Âgé de 86 ans, Hauris Lalancette fait partie des colons qui ont défriché l’Abitibi. Il se souvient précisément du début de tout ce labeur dans les années 1950.

« Le gouvernement nous donnait 5 livres de clous, quelques vitres et c’est tout ce qu’on avait pour ouvrir un lot. Il n’y avait même pas de route pour s’y rendre. On n’avait rien. On mangeait du lièvre en masse et on travaillait comme des fous! Il a fallu arracher les souches une à une, arranger la terre, l’égoutter. J’ai des voisins qui y ont perdu la santé. Quand je pense à tous ces sacrifices et que je vois leur lot repousser en friche, je me dis : “Ça a donné quoi?” » raconte celui qui vit toujours avec sa femme sur les 280 acres qu’ils ont défrichés. 

Son fils a pris la relève et cultive les terres de ses parents, mais M. Lalancette indique que plusieurs propriétaires de lots de la région n’ont pas cette chance. Certaines personnes qui ont défriché ces terres sont revenues lui rendre visite. « Ils n’ont pas osé regarder leurs terres devenues des friches ou qui ont été replantées d’épinettes. Tu vois ça et tu as un sentiment de honte épouvantable », confie-t-il. 

La promesse d’un royaume 

L’histoire d’Hauris Lalancette fascine. Son combat contre les terres « dévitalisées » perdure depuis plus de cinquante ans. Le documentaire Un royaume vous attend, paru en 1975, met d’ailleurs en vedette M. Lalancette, qui dénonce avec véhémence le reboisement de terres que « des hommes avaient mis 30 ans à défricher ».

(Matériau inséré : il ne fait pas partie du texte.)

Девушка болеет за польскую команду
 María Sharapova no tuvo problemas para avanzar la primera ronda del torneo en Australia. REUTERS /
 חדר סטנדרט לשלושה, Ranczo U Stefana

Le principal intéressé explique que la situation n’a pas changé en 2018, près de 45 ans plus tard, comme en font foi bon nombre de parcelles abandonnées ou reboisées. « C’est très regrettable de ne pas être capable de mettre en valeur notre beau territoire. Des politiciens ont pris de mauvaises décisions qui servaient davantage leurs intérêts que ceux du peuple. Et je vois des jeunes qui aiment mieux se promener en quatre roues que de travailler et de remettre ces terres-là en culture. Moi, je ne peux plus rien faire », plaide l’éternel militant.